Excerpts from a dataset:
○ ○ ○ ○

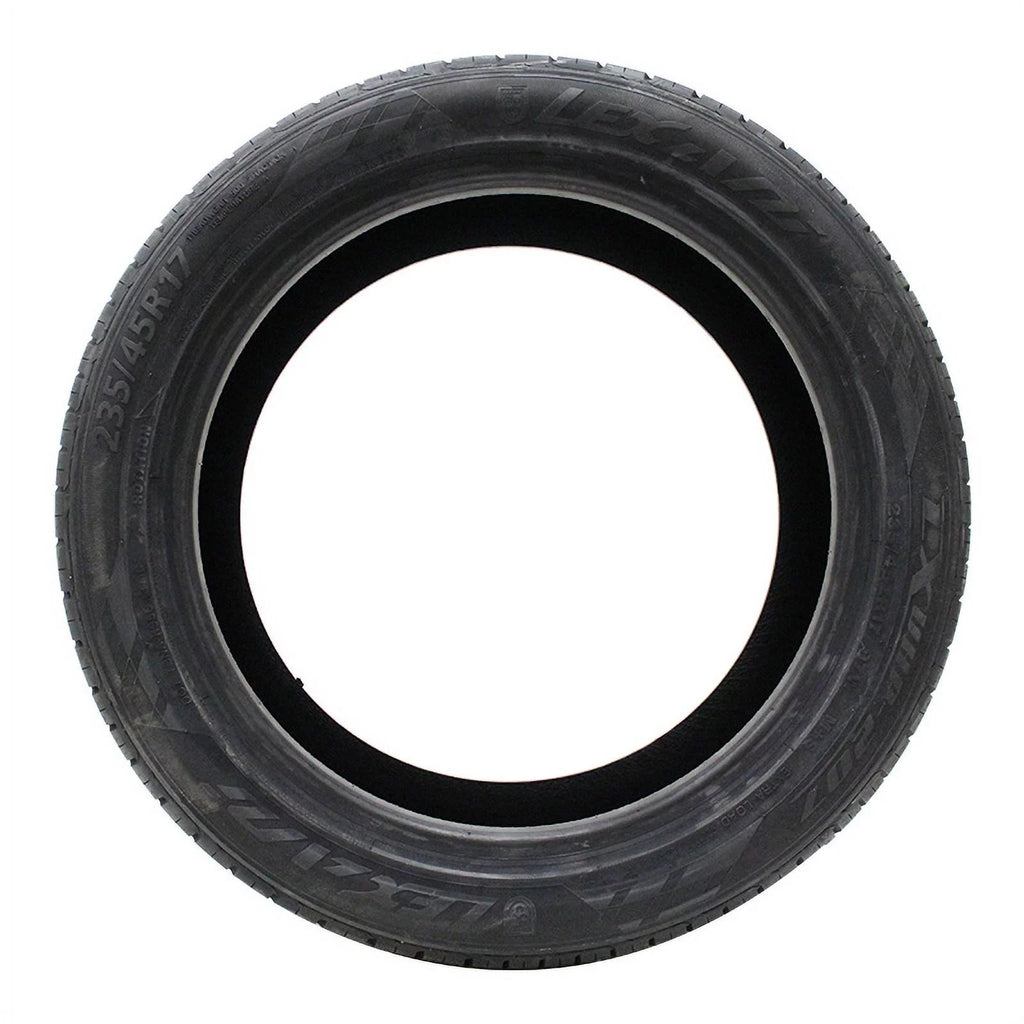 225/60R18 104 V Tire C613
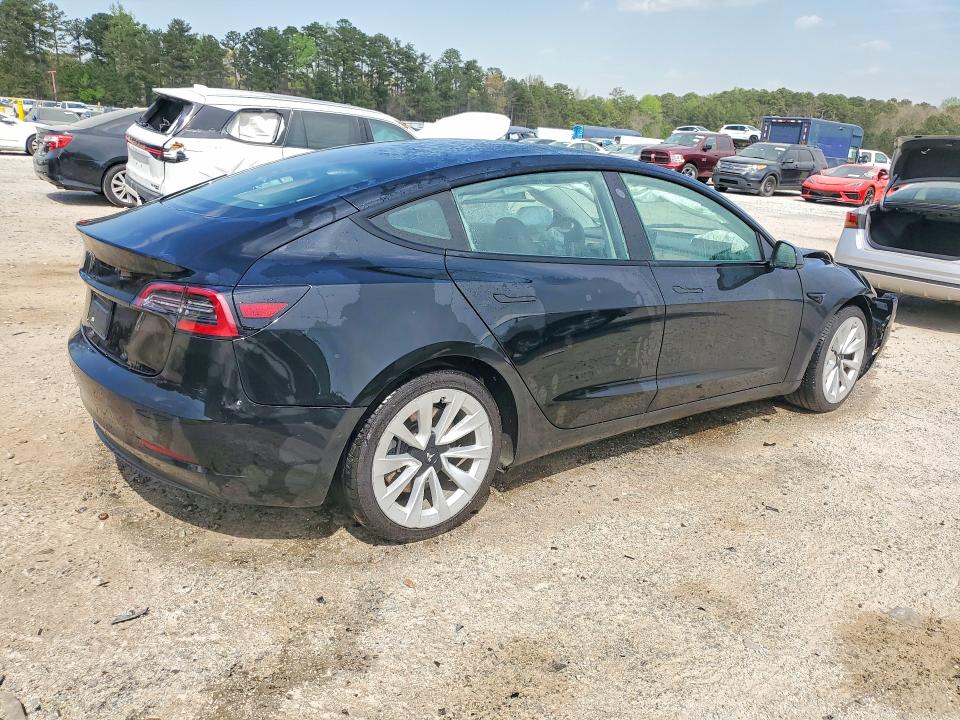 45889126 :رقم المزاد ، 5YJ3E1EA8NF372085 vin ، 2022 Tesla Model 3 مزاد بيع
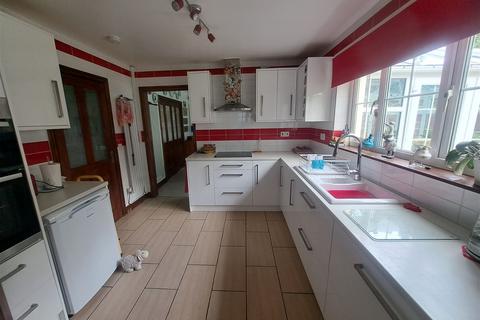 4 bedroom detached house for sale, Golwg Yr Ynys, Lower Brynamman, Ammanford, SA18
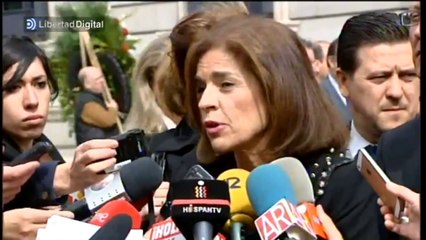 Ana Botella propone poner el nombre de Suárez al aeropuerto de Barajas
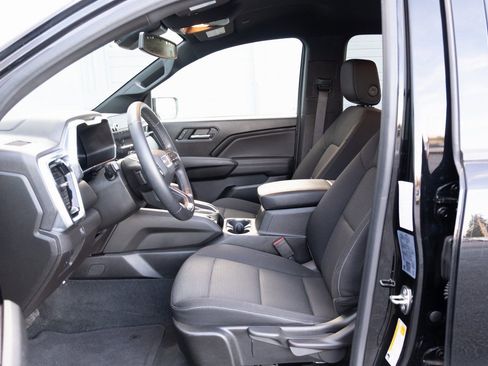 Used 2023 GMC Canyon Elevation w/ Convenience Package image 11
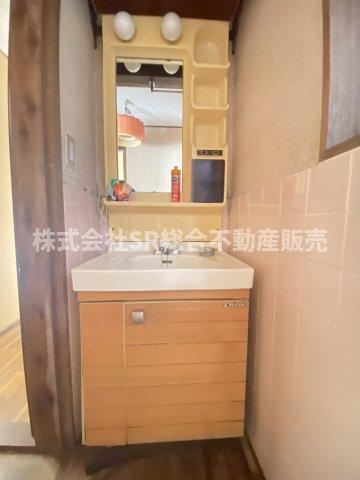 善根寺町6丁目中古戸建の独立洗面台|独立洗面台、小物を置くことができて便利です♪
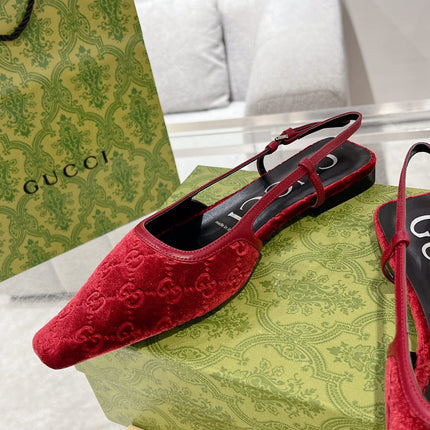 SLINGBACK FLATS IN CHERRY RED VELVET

○ ○ ○ ○

◆ **The problem**: Rewrite the data above exactly as given, but omit the images.

◆ **Written solution**:
 225/60R18 104 V Tire C613
 45889126 :رقم المزاد ، 5YJ3E1EA8NF372085 vin ، 2022 Tesla Model 3 مزاد بيع
 4 bedroom detached house for sale, Golwg Yr Ynys, Lower Brynamman, Ammanford, SA18
 Ana Botella propone poner el nombre de Suárez al aeropuerto de Barajas
 Used 2023 GMC Canyon Elevation w/ Convenience Package image 11
 善根寺町6丁目中古戸建の独立洗面台|独立洗面台、小物を置くことができて便利です♪
 SLINGBACK FLATS IN CHERRY RED VELVET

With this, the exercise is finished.